En attendant que Carl retrouve un revenu comparable au précédent, André Lacasse signale le grand écart de revenu et d’actif en épargne-retraite entre les conjoints.

« En tant que conjoints de fait, même de longue date, c’est très important pour Carl en particulier que le couple tienne à jour son contrat de vie commune et ses documents successoraux auprès d’un notaire », rappelle M. Lacasse.

En second lieu, considérant l’énorme réduction de la rente de retraite de Mélissa en cas de retraite à 55 ans, André Lacasse suggère au couple de bien considérer les coûts à long terme de leur projet de retraite hâtive.

« D’après le relevé du régime de retraite de Mélissa, sa rente viagère à partir de 55 ans serait d’environ 67 000 $ par année, alors qu’elle serait de l’ordre de 89 000 $ à partir de 60 ans et autour de 115 000 $ après 65 ans, explique André Lacasse.

« Autrement dit, pour devancer sa retraite de quelques années, disons de 60 à 55 ans, Mélissa se priverait de presque 30 000 $ par année en revenu de retraite.
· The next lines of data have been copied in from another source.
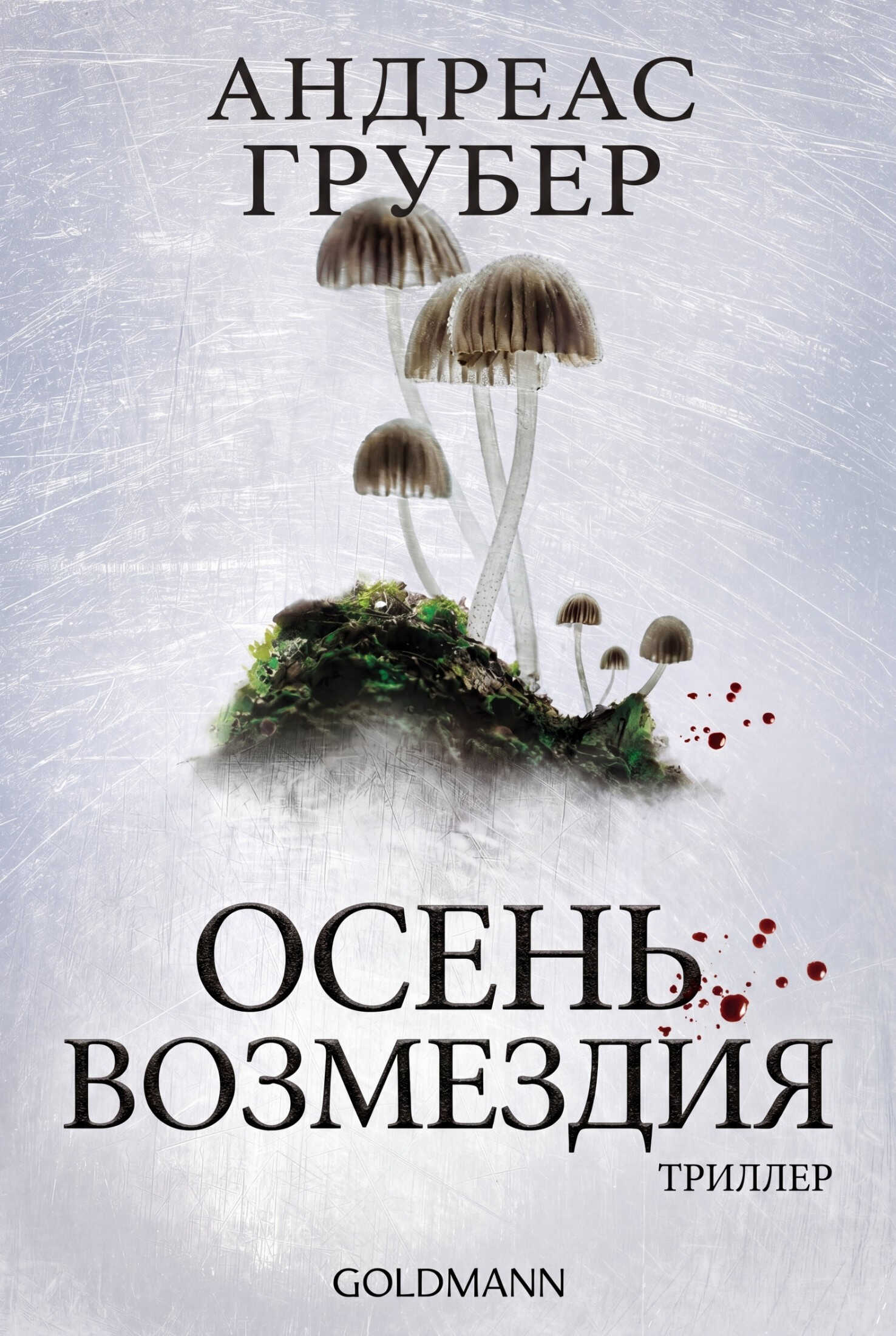 Осень возмездия - Андреас Грубер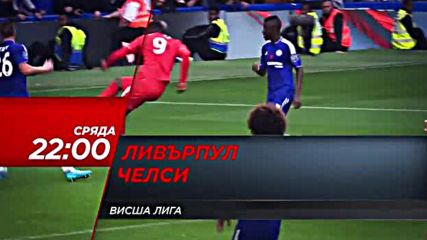 Преди Ливърпул - Челси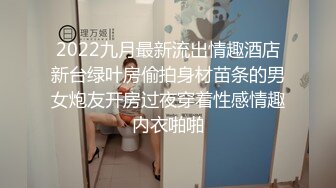 STP26103 精东影业 JDSY-025《迷奸老婆的瑜伽老师》用药让骚货乖乖听话 妲己 VIP2209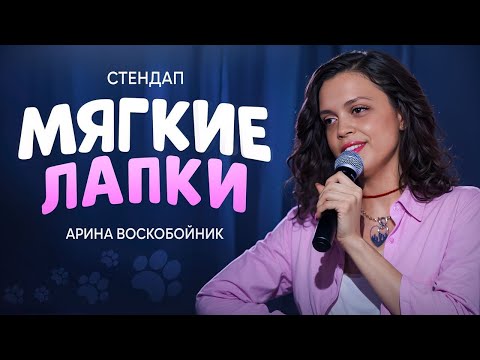 Видео: АРИНА ВОСКОБОЙНИК - "МЯГКИЕ ЛАПКИ" (2025) STANDUP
Et ce, jusqu’à la fin de ses jours ! C’est un manque à gagner considérable qu’ils doivent bien analyser avant de confirmer leur projet. »

Vérification faite auprès de Mélissa : « Nous y réfléchissons après avoir vu l’ampleur de cette réduction de ma rente de retraite. Pour le moment, nous ne sommes pas fermés à l’idée de retarder notre projet de quelques années », indique Mélissa.

Entre-temps, souligne André Lacasse, Mélissa et Carl ont encore de cinq à dix ans devant eux pour peaufiner leur préparation financière.

Dans le cas de Mélissa, M. Lacasse lui suggère de canaliser sa capacité d’épargne en priorité vers son CELI plutôt que son REER.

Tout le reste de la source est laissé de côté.